As a stretch of I-95 in Philadelphia damaged by an explosion on June 11 comes close to reopening, U.S. Sen. John Fetterman, D-Pa., on Thursday introduced a bill to fund improvements for roads across the state and the U.S., aiming to make them safer for pedestrians.
The Shovel-Ready Streets Act would amend the U.S. Department of Transportation’s Safe Streets and Roads for All grant program, established in 2021 as a discretionary program under the Bipartisan Infrastructure Law.
Under that program, at least 40% of the funding has to go to action plan grants, which “assist communities that do not currently have a roadway safety plan in place to reduce roadway fatalities,” according to the DOT website. The program’s implementation grants, on the other hand, provide funding to “implement strategies and projects that will significantly reduce or eliminate transportation-related fatalities and serious injuries.”
But according to Fetterman, many cities have been planning for these investments for years and may have already completed the planning. That’s left more shovel-ready projects than there is grant money to fund them, he said.

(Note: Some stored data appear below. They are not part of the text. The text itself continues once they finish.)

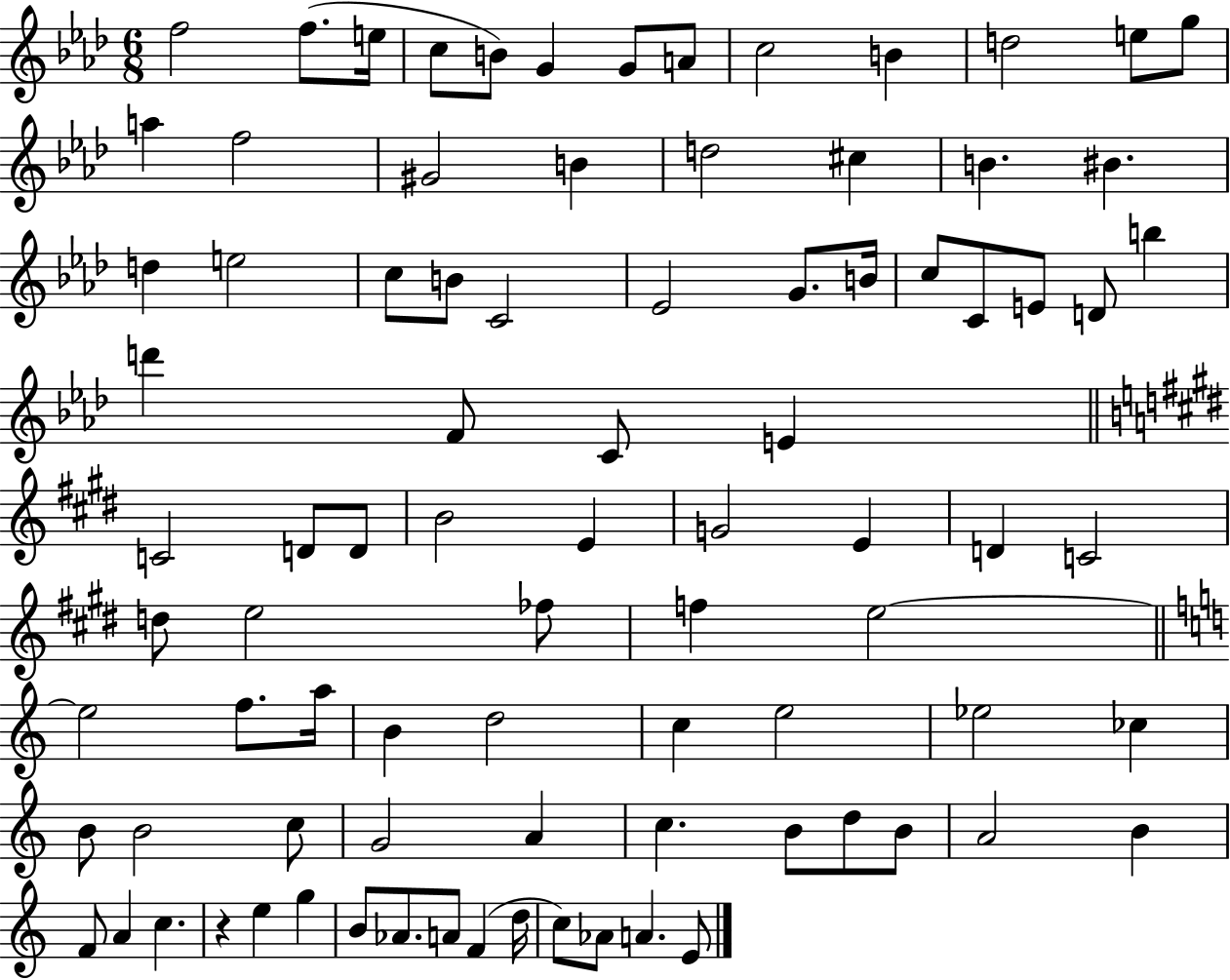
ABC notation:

X:1
T:Untitled
M:6/8
L:1/4
K:Ab
f2 f/2 e/4 c/2 B/2 G G/2 A/2 c2 B d2 e/2 g/2 a f2 ^G2 B d2 ^c B ^B d e2 c/2 B/2 C2 _E2 G/2 B/4 c/2 C/2 E/2 D/2 b d' F/2 C/2 E C2 D/2 D/2 B2 E G2 E D C2 d/2 e2 _f/2 f e2 e2 f/2 a/4 B d2 c e2 _e2 _c B/2 B2 c/2 G2 A c B/2 d/2 B/2 A2 B F/2 A c z e g B/2 _A/2 A/2 F d/4 c/2 _A/2 A E/2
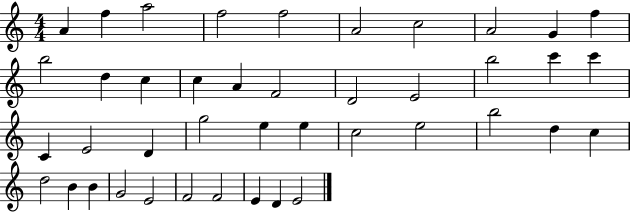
A4/q F5/q A5/h F5/h F5/h A4/h C5/h A4/h G4/q F5/q B5/h D5/q C5/q C5/q A4/q F4/h D4/h E4/h B5/h C6/q C6/q C4/q E4/h D4/q G5/h E5/q E5/q C5/h E5/h B5/h D5/q C5/q D5/h B4/q B4/q G4/h E4/h F4/h F4/h E4/q D4/q E4/h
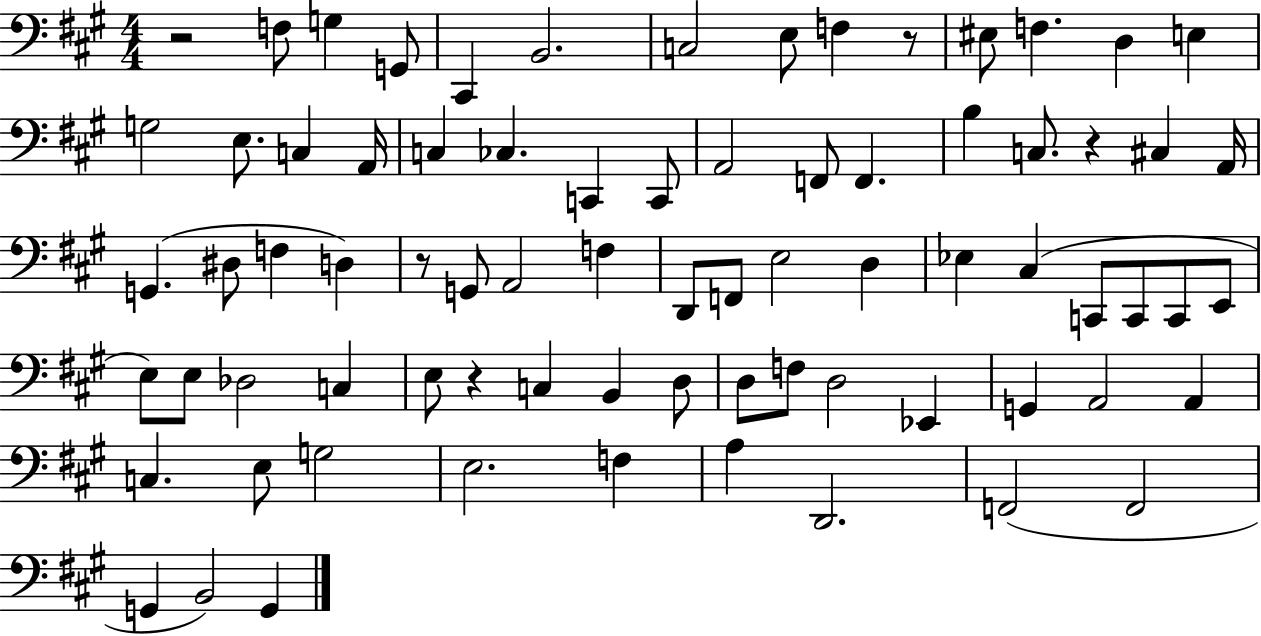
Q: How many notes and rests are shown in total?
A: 76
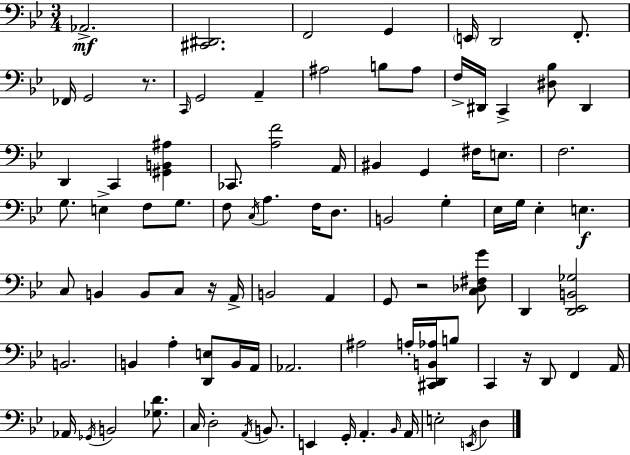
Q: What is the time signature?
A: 3/4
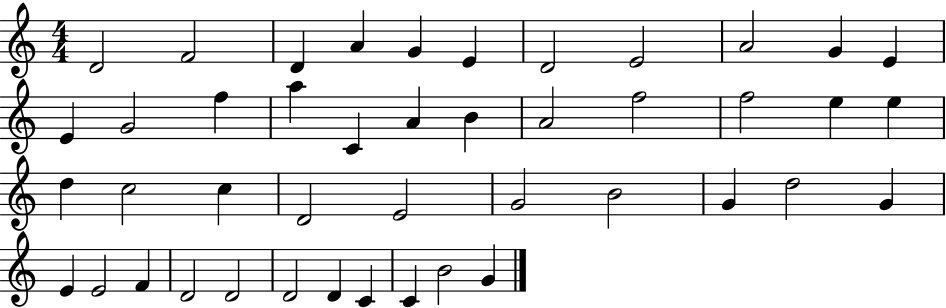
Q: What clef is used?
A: treble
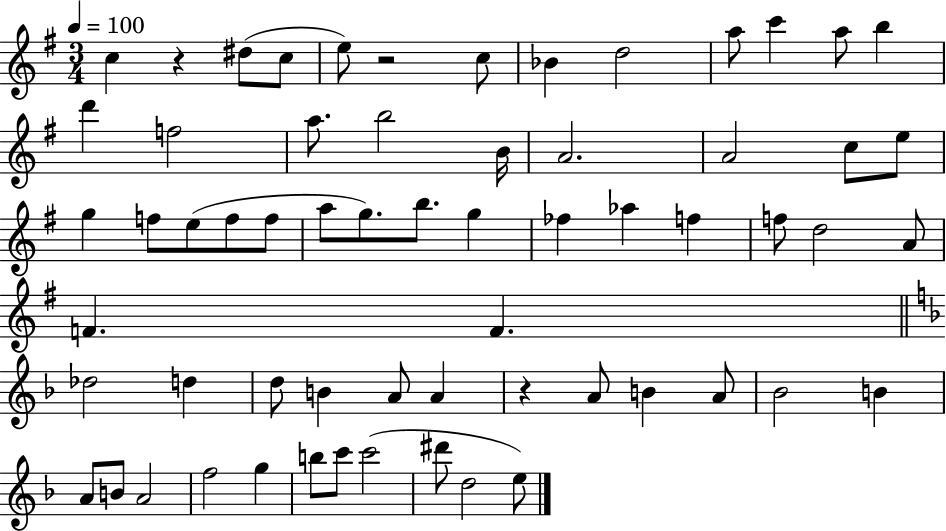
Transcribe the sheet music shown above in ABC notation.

X:1
T:Untitled
M:3/4
L:1/4
K:G
c z ^d/2 c/2 e/2 z2 c/2 _B d2 a/2 c' a/2 b d' f2 a/2 b2 B/4 A2 A2 c/2 e/2 g f/2 e/2 f/2 f/2 a/2 g/2 b/2 g _f _a f f/2 d2 A/2 F F _d2 d d/2 B A/2 A z A/2 B A/2 _B2 B A/2 B/2 A2 f2 g b/2 c'/2 c'2 ^d'/2 d2 e/2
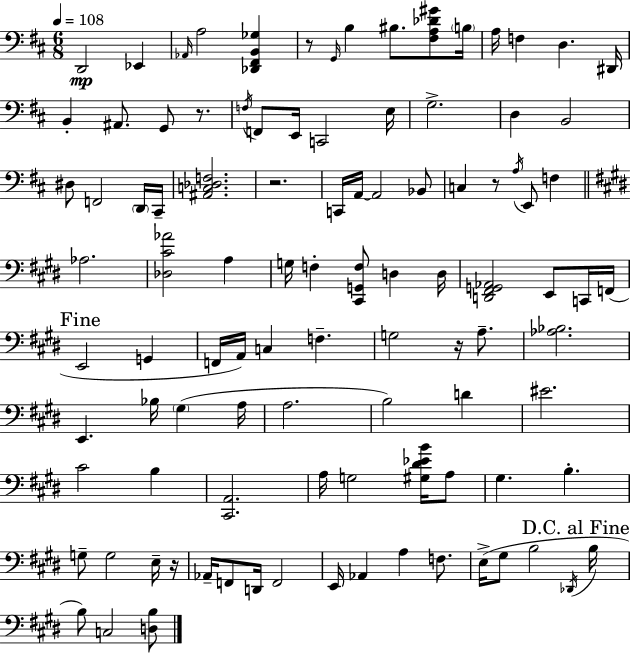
X:1
T:Untitled
M:6/8
L:1/4
K:D
D,,2 _E,, _A,,/4 A,2 [_D,,^F,,B,,_G,] z/2 G,,/4 B, ^B,/2 [^F,A,_D^G]/2 B,/4 A,/4 F, D, ^D,,/4 B,, ^A,,/2 G,,/2 z/2 F,/4 F,,/2 E,,/4 C,,2 E,/4 G,2 D, B,,2 ^D,/2 F,,2 D,,/4 ^C,,/4 [^A,,C,_D,F,]2 z2 C,,/4 A,,/4 A,,2 _B,,/2 C, z/2 A,/4 E,,/2 F, _A,2 [_D,^C_A]2 A, G,/4 F, [^C,,G,,F,]/2 D, D,/4 [D,,^F,,G,,_A,,]2 E,,/2 C,,/4 F,,/4 E,,2 G,, F,,/4 A,,/4 C, F, G,2 z/4 A,/2 [_A,_B,]2 E,, _B,/4 ^G, A,/4 A,2 B,2 D ^E2 ^C2 B, [^C,,A,,]2 A,/4 G,2 [^G,^D_EB]/4 A,/2 ^G, B, G,/2 G,2 E,/4 z/4 _A,,/4 F,,/2 D,,/4 F,,2 E,,/4 _A,, A, F,/2 E,/4 ^G,/2 B,2 _D,,/4 B,/4 B,/2 C,2 [D,B,]/2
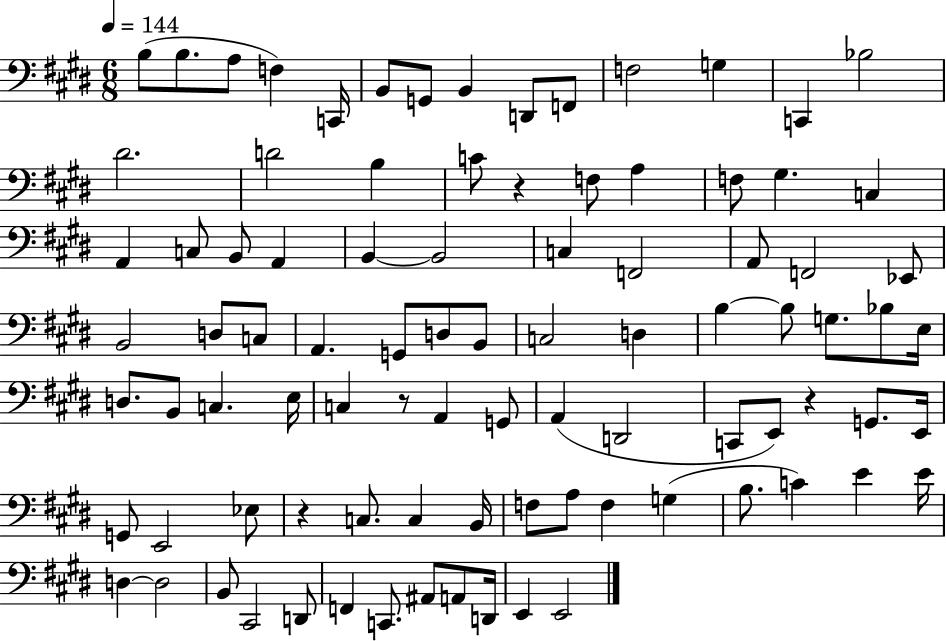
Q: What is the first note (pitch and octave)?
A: B3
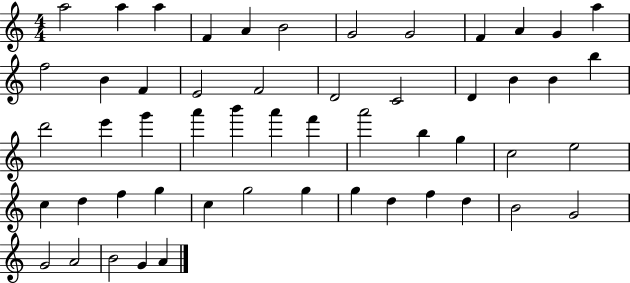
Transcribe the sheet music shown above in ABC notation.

X:1
T:Untitled
M:4/4
L:1/4
K:C
a2 a a F A B2 G2 G2 F A G a f2 B F E2 F2 D2 C2 D B B b d'2 e' g' a' b' a' f' a'2 b g c2 e2 c d f g c g2 g g d f d B2 G2 G2 A2 B2 G A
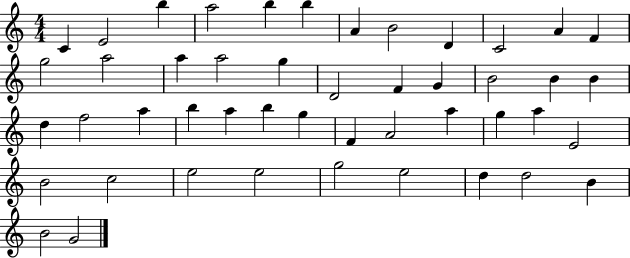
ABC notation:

X:1
T:Untitled
M:4/4
L:1/4
K:C
C E2 b a2 b b A B2 D C2 A F g2 a2 a a2 g D2 F G B2 B B d f2 a b a b g F A2 a g a E2 B2 c2 e2 e2 g2 e2 d d2 B B2 G2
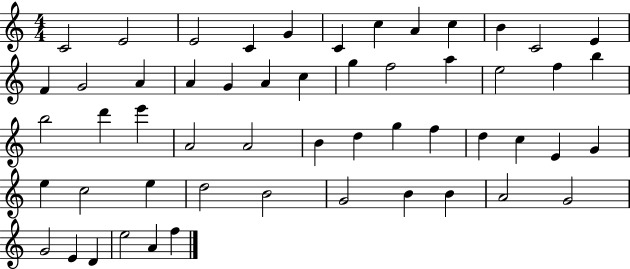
C4/h E4/h E4/h C4/q G4/q C4/q C5/q A4/q C5/q B4/q C4/h E4/q F4/q G4/h A4/q A4/q G4/q A4/q C5/q G5/q F5/h A5/q E5/h F5/q B5/q B5/h D6/q E6/q A4/h A4/h B4/q D5/q G5/q F5/q D5/q C5/q E4/q G4/q E5/q C5/h E5/q D5/h B4/h G4/h B4/q B4/q A4/h G4/h G4/h E4/q D4/q E5/h A4/q F5/q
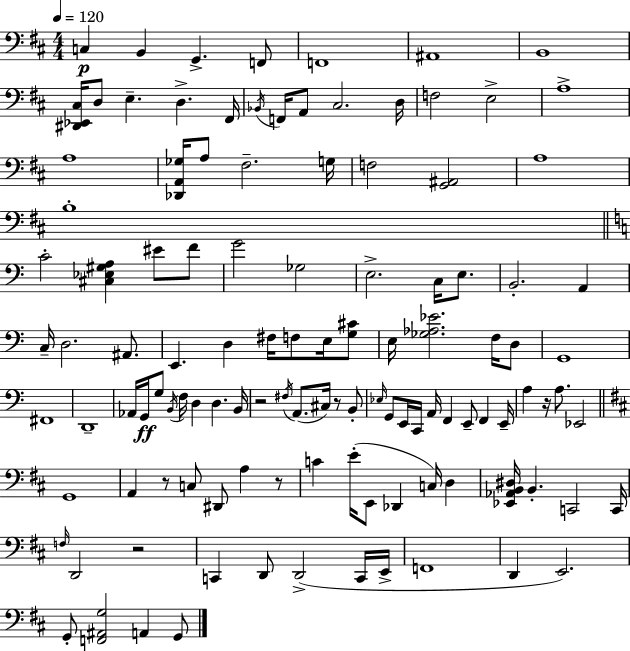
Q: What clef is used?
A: bass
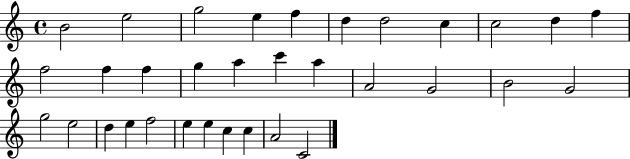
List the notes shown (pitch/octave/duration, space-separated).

B4/h E5/h G5/h E5/q F5/q D5/q D5/h C5/q C5/h D5/q F5/q F5/h F5/q F5/q G5/q A5/q C6/q A5/q A4/h G4/h B4/h G4/h G5/h E5/h D5/q E5/q F5/h E5/q E5/q C5/q C5/q A4/h C4/h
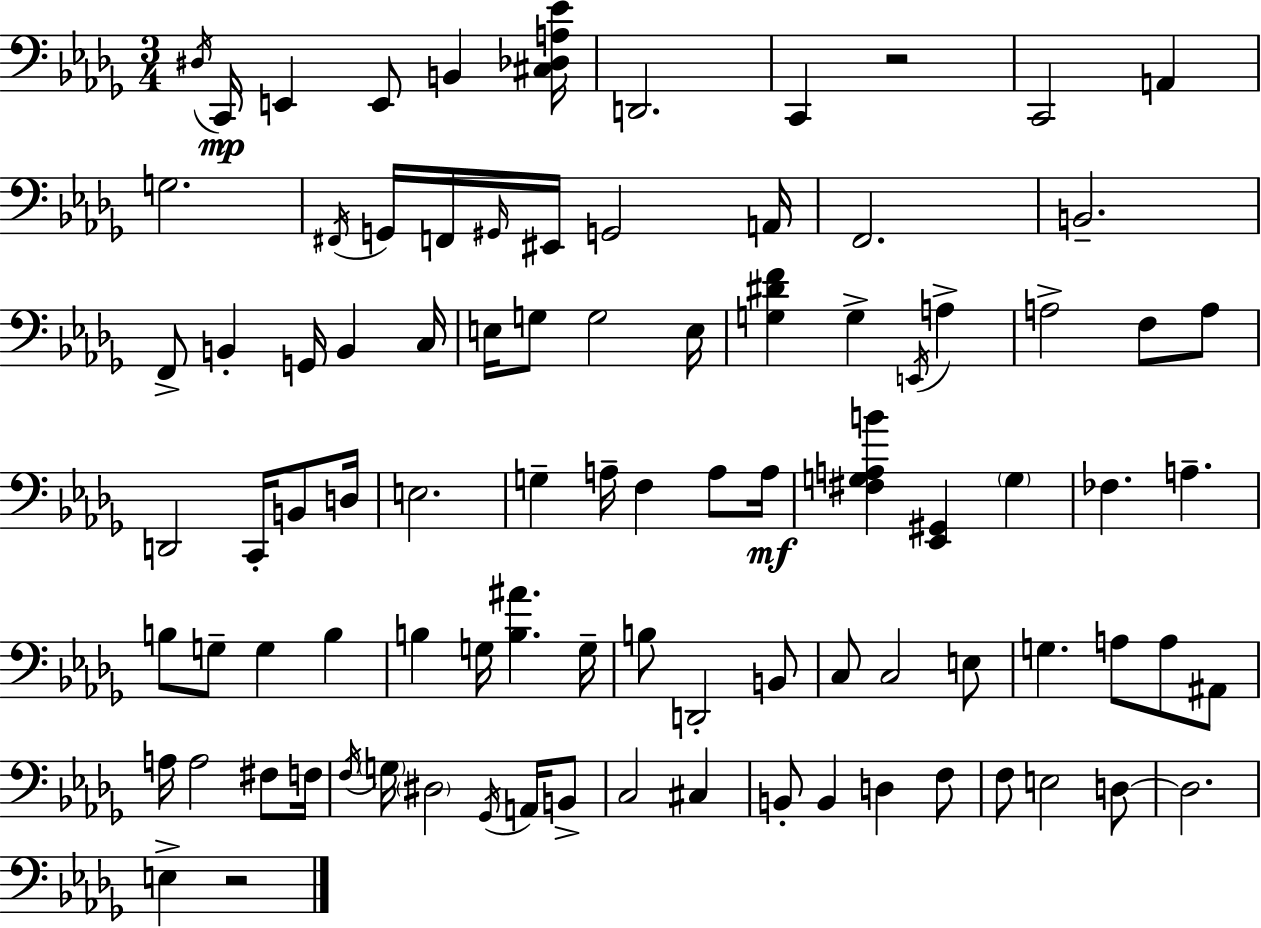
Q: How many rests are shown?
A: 2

The new bill would halve the amount of funding required to go toward action plan grants, reducing it to 20%, which Fetterman said will free up funding for projects that have already been planned.
“The recent disaster on I-95 and the subsequent detour to the already dangerous Roosevelt Boulevard was a stark reminder of the perilous roads that run through our towns,” Fetterman said in a statement.
“Safe streets are a life and death issue,” he added. “Though these deaths rarely make headlines, the hundreds of Pennsylvanian lives we lose due to unsafe streets is unacceptable and it doesn’t have to be this way. My bill will help us fix this chronic issue here in PA and across the country.”
The first round of funding from the SSRA grant program was awarded to projects across the country earlier this year for a total of $800 million for 511 projects. Of those awards, 473 were for action plans and 37 for implementation projects.
Pennsylvania received two implementation project grants, in Lancaster ($12.7 million) and Philadelphia ($30 million), and a total of $3.9 million in action plan grants for eight projects. The funding went toward crosswalk upgrades, signal improvements, intersection modifications, and speed management measures.